Riptide

Summer                                                                  Moon of the Summer Solstice

Worked here two summers
Johns-Manville factory ruins: Alexandria, Indiana I worked here for two summers.

A nearby neighbor, Ian, with a wonderful Scot’s accent, dropped by yesterday to inquire about our fence, wondering who built it. After I gave him Mike Van Hee’s number, we talked. Ian doesn’t want Scottish independence, nor did he want Great Britain to leave the E.U. But, he said, Scottish independence seems inevitable now. The Scots voted very pro-remain.

The undertow of populism has created a riptide in the ocean of contemporary Western politics. It drug under the E.U.’s record of no member losses since 1950 and may drag down even more. Our favorite right wing populist, the Hairdo, happened to be in Scotland working on his golf course there. Turns out he’s delighted with Brexit. The Brits took back their country, he said. Just like he wants Americans to take back their country. From whom? Well, not really sure, but those who’ve made us not great. You know who you are.

Coming from a part of Indiana racked by the economic woes of the 1970’s, principally those emanating from failing Detroit car manufacturers, I know this disturbance in the force of American politics has a long tail. Those who used to be able to care for their family with a blue-collar job, and care for it well, have lost those jobs. Long ago. The creative destruction of the market economy doesn’t look so creative from the streets of Alexandria, Indiana.

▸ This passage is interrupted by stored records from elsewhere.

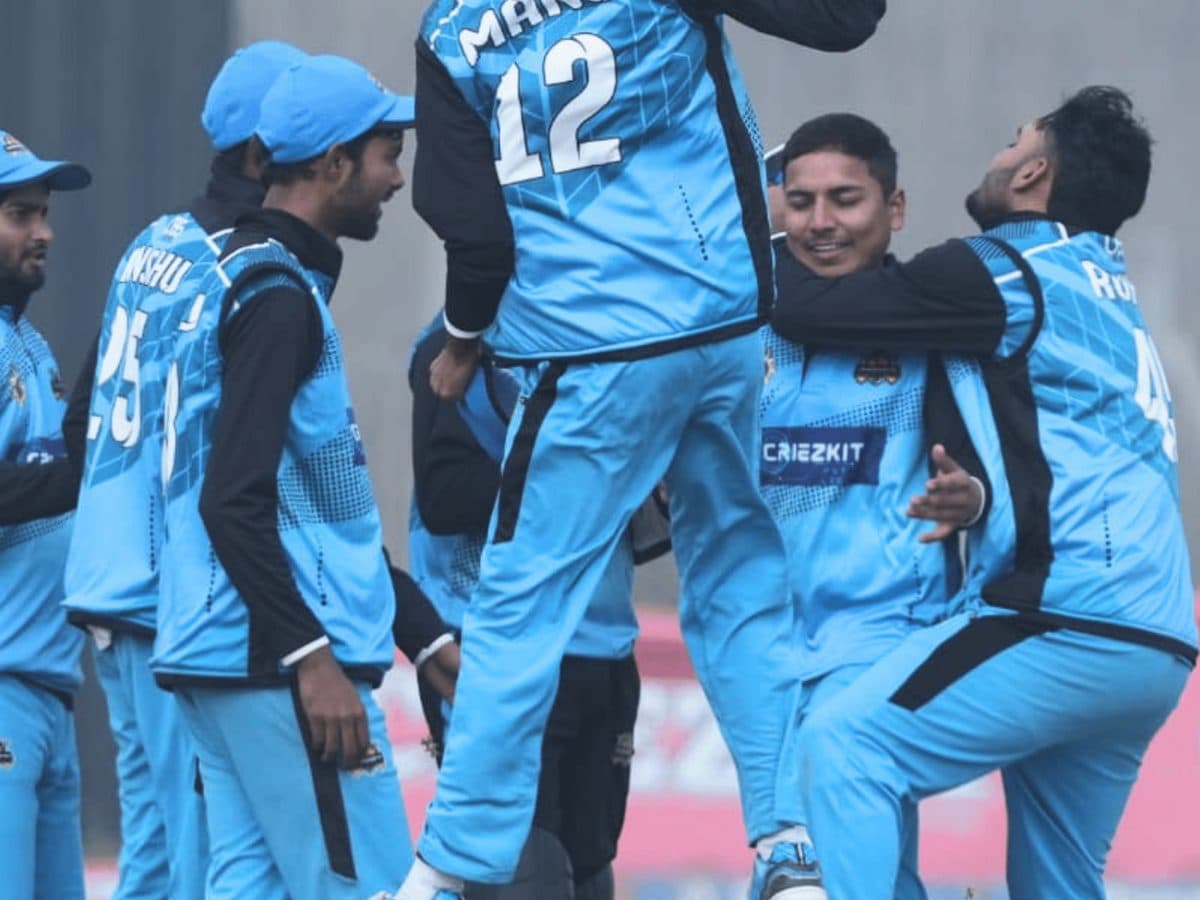 The fielding side celebrating a wicket, Coventry T10 League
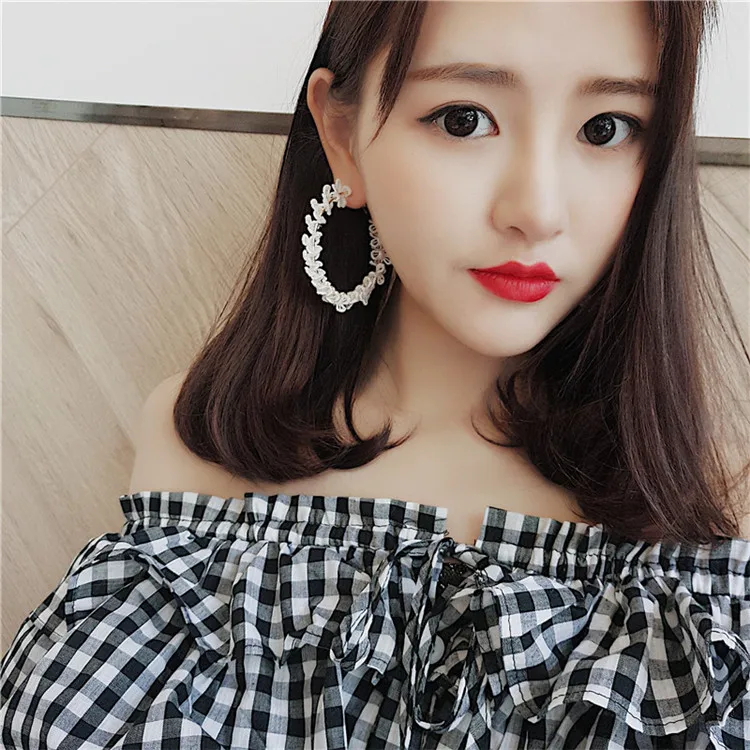 Korean Fashion Romantic White Lace Flower Big Round Circle Hoop Earrings for Women Jewelry Gift Boucle D'oreille Pendante Femme |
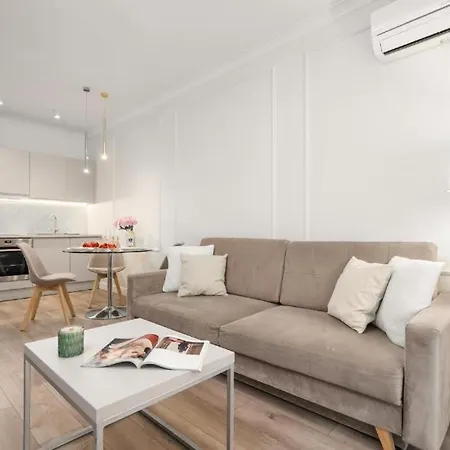 Urban - Mennica - Luxury&stylish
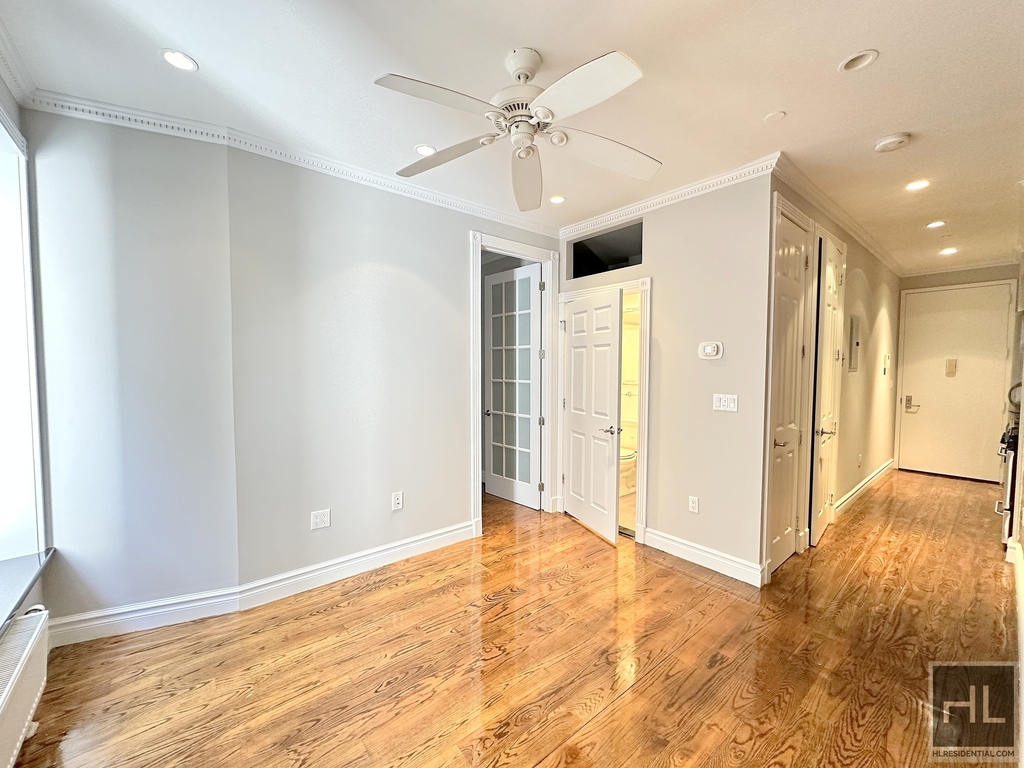 East 13th Street - Photo 2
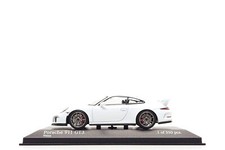 Minichamps 1:43 Porsche 911 GT3 (991) in White picture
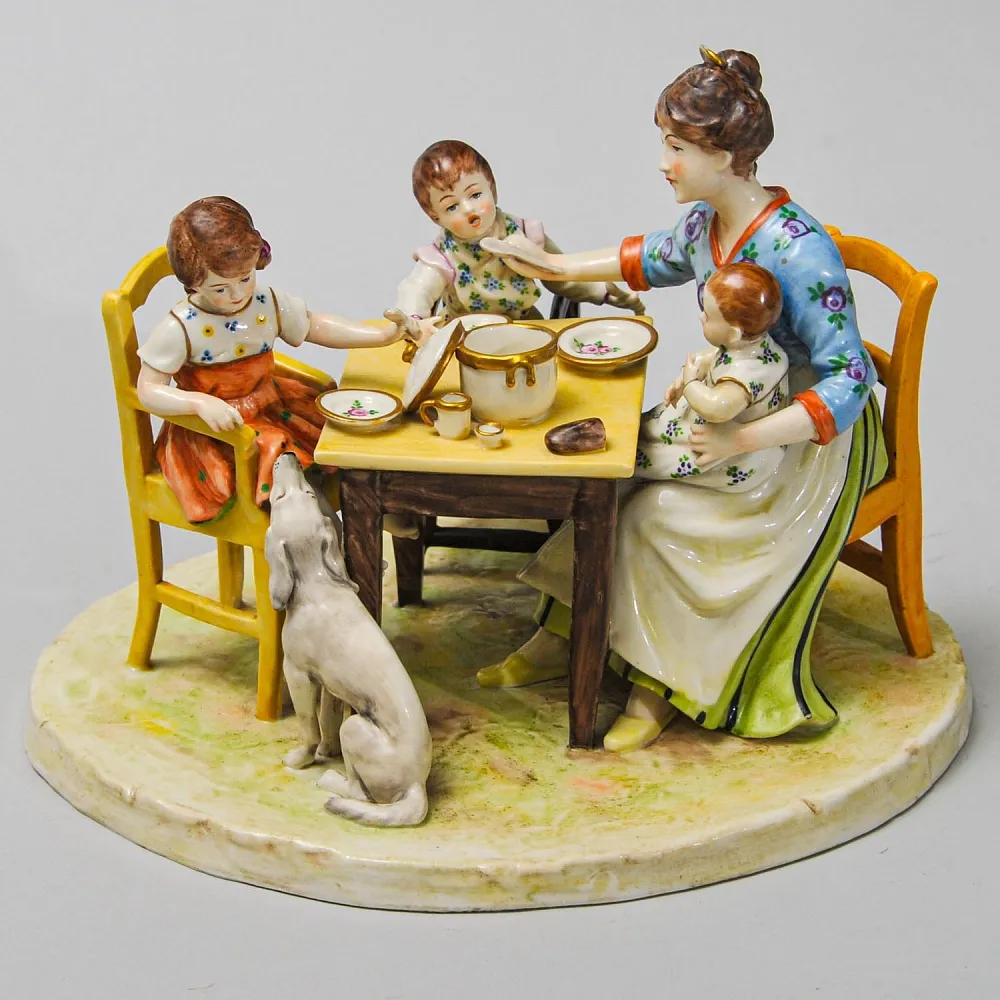 Антикарная Фарфоровая Статуэтка «Едоки каши. Завтрак», Aсkermann & Fritze начало ХХ века.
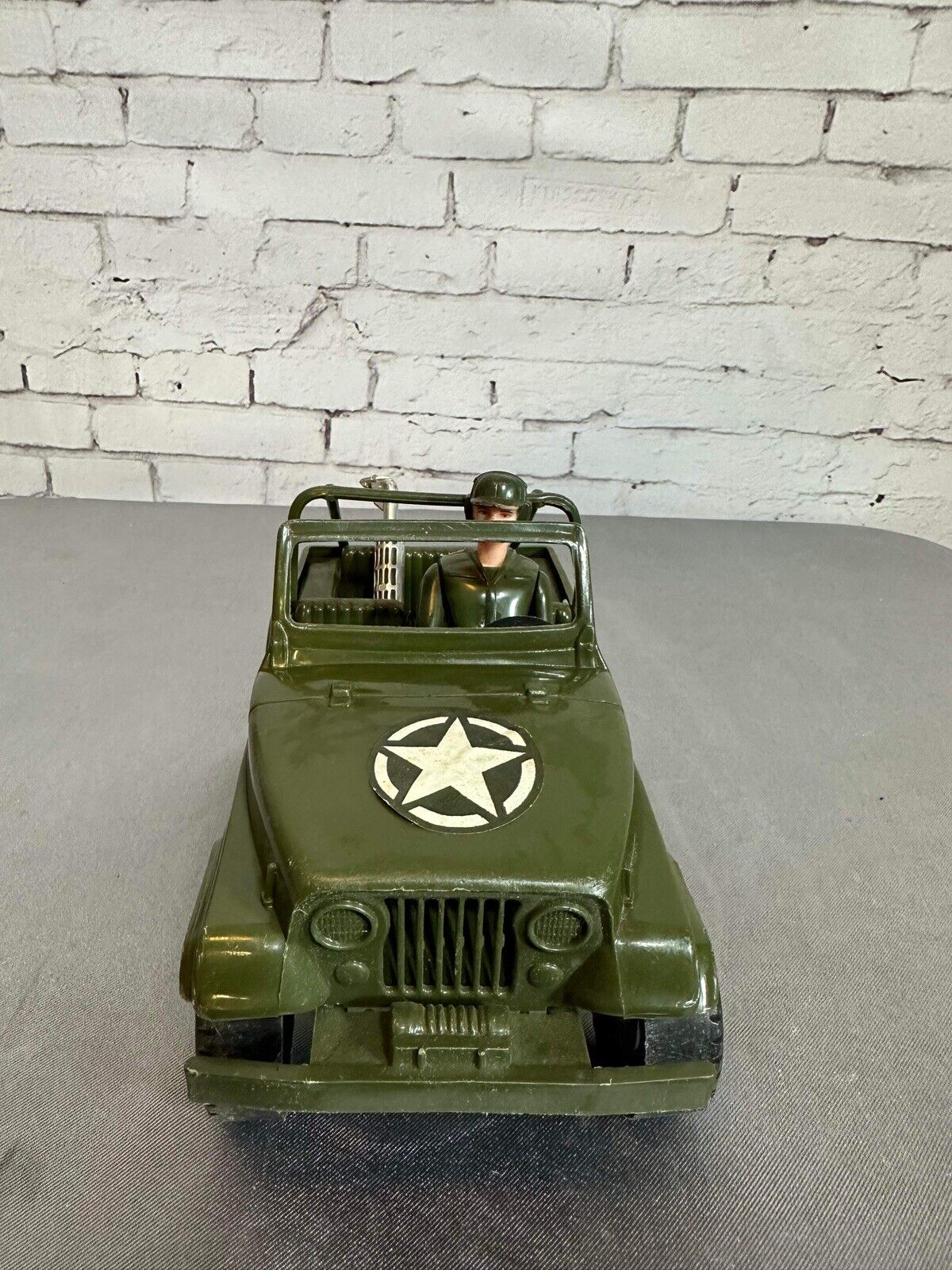 1980's Vintage GAY TOY INC. US Army J eep #650 Plastic 9" Length W/ Driver VTY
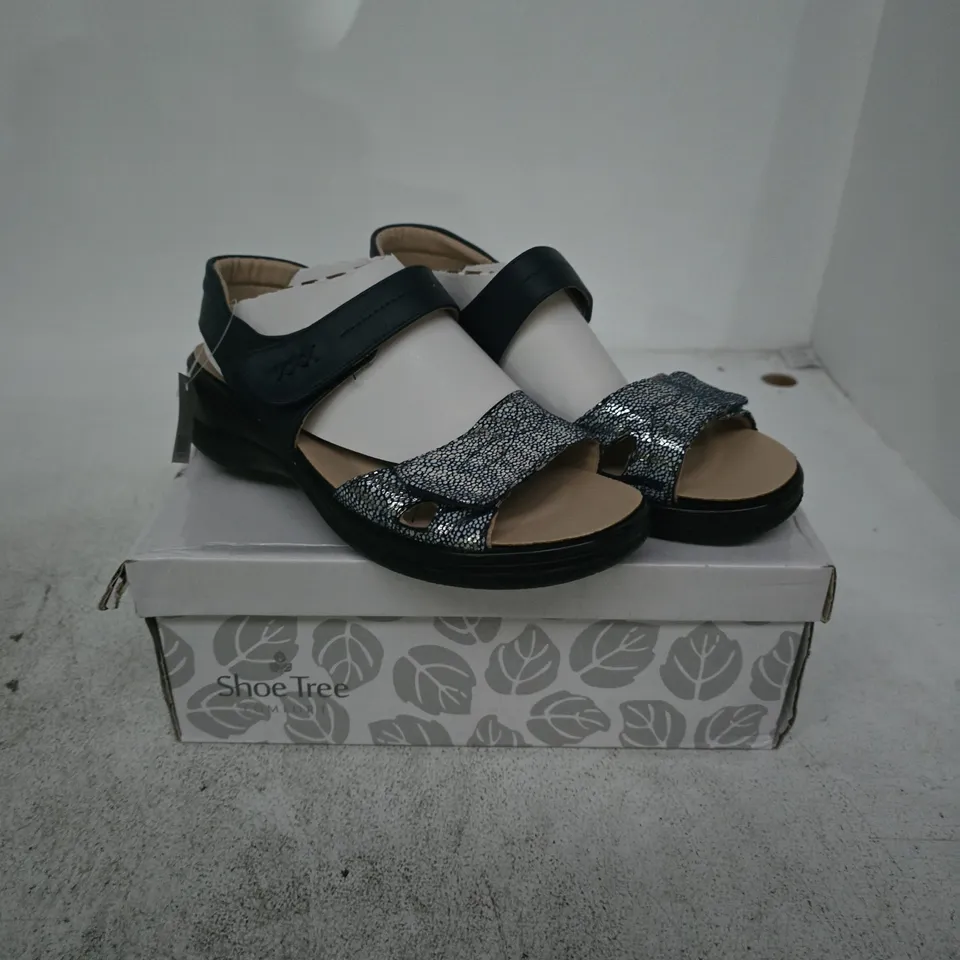 SHOE TREE IRIS SANDALS – DARK NAVY, UK 4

the edge of town, Alexandria
the edge of town, Alexandria

I both understand and agree with the anger and frustration felt by working class Americans. I prefer the Occupy movement’s response, the Bernie Sanders’ response over the raw anger demagoguery of the Donald, but the underlying political stimulus is the same in all three cases. No nation can withstand millions of its working age citizens relegated to McJobs or no jobs at all. History teaches us that there will be a reckoning when folks get locked out of the means to care for themselves and their loved ones.

That reckoning seems on the verge of breaking through the hard crust of traditional politics. It’s important and necessary, like a fever breaking, but the disjunction such a reckoning can foster is hard to predict. Just ask the residents of France during the French revolution or the Russians at the turn of the last century. The unintended and the unexpected will predominate. Like Brexit. Watch out.